Another alternate solution, and perhaps the most unattractive solution (in my opinion), is to turn the whole query on its head and do a RIGHT OUTER JOIN to the company table:
<!--- Query for contacts. --->
<cfquery name="qContact" datasource="#REQUEST.DSN.Source#">
<!--- Create temp tables. --->
#PreserveSingleQuotes( strCreateSQL )#
<!---
Query for companies and contacts, but ONLY return
contacts if there is an associated phone number.
--->
SELECT
c.id,
c.name,
( ct.name ) AS contact_name,
( p.name ) AS contact_phone
FROM
@phone p
INNER JOIN
@contact ct
ON
p.contact_id = ct.id
RIGHT OUTER JOIN
@company c
ON
ct.company_id = c.id
</cfquery>
Here, we are first doing an INNER JOIN between the Phone and Contact which enforces our second rule. Then, we do a RIGHT OUTER JOIN to the company table which gets all the companies and any intermediary Contact-Phone results. This will get you the same results as above. The syntax here is very simple, but it's the approach that makes me feel very uncomfortable; we want to get Company records and yet, Company is the last table from which we are querying. This is more of a personal issue, but I feel that my "primary" content table should first. This way, your mentality matches the SQL statement. Don't twist your logic to conform to JOIN rules - use better syntax to align with your vision.... but that's just personal.

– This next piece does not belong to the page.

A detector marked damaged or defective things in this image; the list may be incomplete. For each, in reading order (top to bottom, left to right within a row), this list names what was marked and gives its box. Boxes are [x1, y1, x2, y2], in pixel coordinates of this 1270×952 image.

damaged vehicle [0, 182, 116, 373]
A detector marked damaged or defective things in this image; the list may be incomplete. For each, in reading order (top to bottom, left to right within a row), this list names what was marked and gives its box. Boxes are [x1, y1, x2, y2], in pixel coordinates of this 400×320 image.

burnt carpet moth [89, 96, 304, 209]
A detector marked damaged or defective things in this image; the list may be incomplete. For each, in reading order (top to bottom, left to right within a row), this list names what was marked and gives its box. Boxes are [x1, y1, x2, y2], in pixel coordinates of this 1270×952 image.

JOIN grouping is pretty powerful and can get you out of those sticky situations that involve mixed table relationship rules. I hope this was informative in some way.
Want to use code from this post? Check out the license.
Reader Comments
I'm not sure why, but the right join makes the most sense to me. I do the transaction pretty much exactly as you have it...inner joins first followed by left and right joins. It just seems logical to me. You get the results you want from inner joining the first tables, then from that result, you right join that on the 3rd table, and so on. It may be the way I think about the tables. I'll start with one then add more and more until I get the result I want.
Ben,
Another great post!
Very well laid out and extremely well documented!

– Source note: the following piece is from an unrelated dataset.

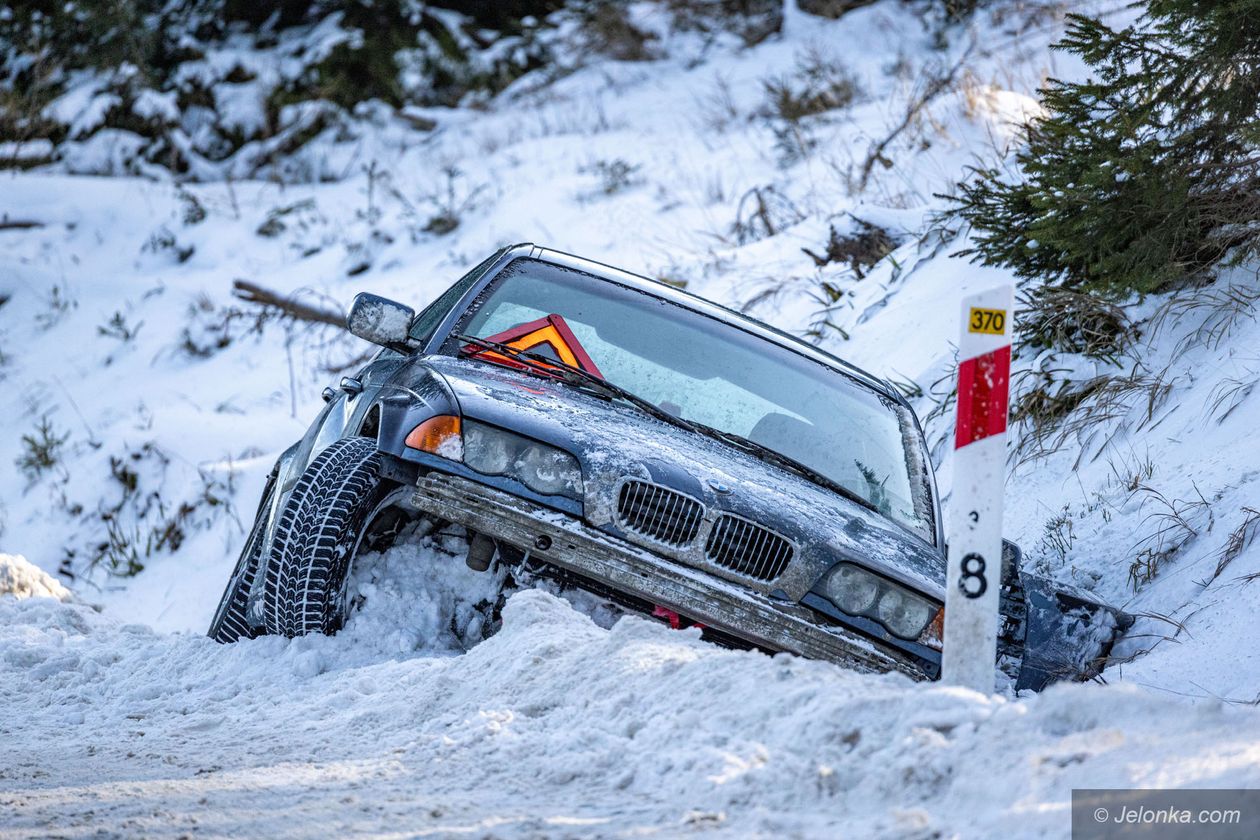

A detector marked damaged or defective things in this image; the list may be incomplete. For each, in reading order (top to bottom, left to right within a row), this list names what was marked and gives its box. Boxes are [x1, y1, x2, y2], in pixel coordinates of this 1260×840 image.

broken headlight [462, 420, 584, 498]
crashed bmw sedan [210, 241, 1136, 688]
broken headlight [824, 568, 944, 640]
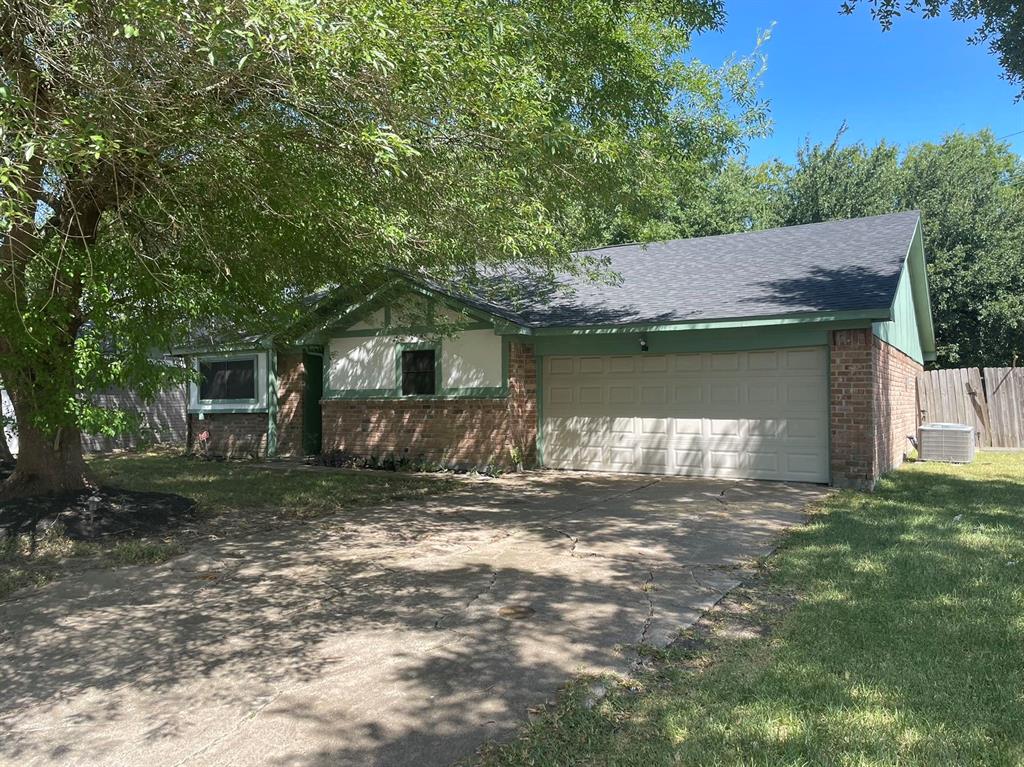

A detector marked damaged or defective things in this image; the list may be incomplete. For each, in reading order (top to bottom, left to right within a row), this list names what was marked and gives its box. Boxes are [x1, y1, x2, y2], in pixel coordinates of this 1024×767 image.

I know it take a lot of time to write such detailed examples on these types of issues, so I just wanted to say thanks!
--
Ken
@Gareth,
I think the use of RIGHT OUTER JOIN vs. JOIN grouping is purely personal. I think I just don't like it because I think in a very top-down approach to most things. In a query like this, I think, Ok the primary data is Company, so let's get that first; then, let's get everything else that needs to be found.

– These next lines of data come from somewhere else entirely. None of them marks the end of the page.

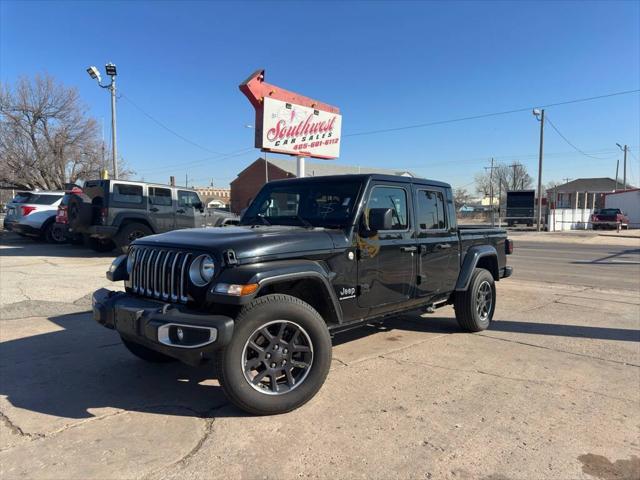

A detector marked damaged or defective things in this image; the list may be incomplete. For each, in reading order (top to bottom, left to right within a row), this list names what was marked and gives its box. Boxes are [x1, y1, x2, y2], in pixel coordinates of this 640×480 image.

cracked concrete lot [0, 231, 636, 478]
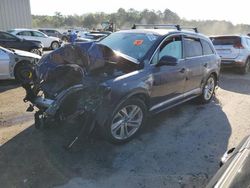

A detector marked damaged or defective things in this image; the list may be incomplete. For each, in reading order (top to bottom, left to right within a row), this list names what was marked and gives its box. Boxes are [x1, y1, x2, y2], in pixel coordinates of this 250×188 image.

detached car part on ground [0, 45, 40, 82]
damaged dark suv [22, 24, 220, 143]
detached car part on ground [22, 25, 221, 144]
detached car part on ground [206, 136, 250, 187]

By selecting the phone and contact information first, my brain just gets confused about what we are trying to do. But again, this is all just very personal; it's like my use of white space in the code - I love a lot of white space because that's how I can read it. Other people hate it - doesn't make it right or wrong one way or the other. As long as you're getting the right results :)
@Ken,
Thanks a lot for the feedback. Glad this stuff gets appreciated, and especially on a post like this, which actually did take a good amount of time with the images and all the different SQL sets. Most posts go much quicker.
very nice post, very informative, i got much from here
Good Job
Regards
Ali Raza
Lahore Pakistan
I know that you said that you found the RIGHT OUTER JOIN to be unattractive but I would like to go further in saying that a RIGHT OUTER JOIN is *never* necessary and should always be avoided. The only use I have ever had for a ROJ is when I wanted to quickly change a query to see what the results might change.
Also, why did you wrap the forth approaches nested join in parenthesis? This is unnecessary in any RDBMS I have encountered, but I do not know if there was a reason for this. As far as I know, as long as your joins are nested, the order of operations is implied and easily interpreted by any developer as long as the nested join is indented.
@Tyler,
To be quite honest, I learned it using the parenthesis and never tried it without them. After reading your comment, however, I did just that and it worked fine. I am going to leave in the parenthesis as I think it adds another level of clarity. That is just personal, of course, not necessarily a best practice; I am just a fan of visual cues for functionality. Same with math; I would rather see:
1 + (5 * 3)
... even though:
1 + 5 * 3
... is the same equation. To me, the parens just say "Take notice! Some functionality is happening over here and I want it to be clear". But again, its just personal.
As far as right outer joins are concerned, as I have stated, they don't sit well with me and my desire to have a top-down approach to data selection; however, I would be curious if you could expand upon your beliefs as they seem strong (and I don't mean that in a bad way).
@Ben
My beliefs are strong but just as with you RIGHT OUTER JOINS to me just don't make sense. It is a convention nothing more, but a convention that would make me scowl at any fellow developer who passed off code to me that has ROJs in it.
@Tyler,
But why would you "scowl" at the fellow developer? I have never had a reason not to use right outer joins, other than there are other methods for doing the same thing. I find it much more straight forward and clearer in my mind to use a right outer join on a table than to use grouped joins. e.g. inner join first 2 tables (now we have the "left" table), now get results from a 3rd table ("right" table) and join on the inner-joined tables, but only return results that are contained in the 3rd table. This makes perfect sense to me, and doesn't appear to have any detractors other than some people like to do it one way, and others, like myself, like to do it the correct way :p :D (kidding) Like Ben said, it all seems a personal choice, which is probably why it was created this way.
Ben, you rule. This blog post really helped me understand how to formulate a query that I'd been staring at for ages. Mine was slightly more complicated, I had 5 tables to join with a similar rule to your example.
SELECT A.ID AS CategoryID, A.Name AS CategoryName,
B.ID AS SubCategoryID, B.Name AS SubCategoryName, B.Number AS SubCategoryNumber,
C.ID, C.Name,
D.ID AS D_ID, D.Data,
E.ID AS ScoreID , E.Score
FROM Table1 A
INNER JOIN Table2 B
ON A.ID = B.CategoryID
LEFT OUTER JOIN
(
Table3 C
INNER JOIN Table4 D
ON C.ID = D.KeyIndicatorID
AND D.School = #URL.ID#
)
ON B.ID = C.SubCategoryID
LEFT OUTER JOIN Table5 E
ON B.ID = E.SubCategoryID
AND E.School = #URL.ID#
ORDER BY A.ID, B.ID, C.OrderBy, C.ID
@Duncan,
Glad to help out. I have become a big fan of grouping my joins. I think it makes nice statements about "cohesive units" of data. For example, I might group the joining of a Contact to ContactInformation, thereby stating that the resultant record is the "full contact" information.
Nice! Great post and well taught. Congratulations
thanks Ben. I have been searching for a high quality explanation to nested joins and this example is excellent. Keep up the good posts.
Really nice explanation thanks a lot for sharing with us,Good Work Keep it up...
Excellent post! Solved in 2 min a problem I worked for some hours on...
Yes, excellent! I've always been using the derived table alternative for years, but this is clearly more elegant.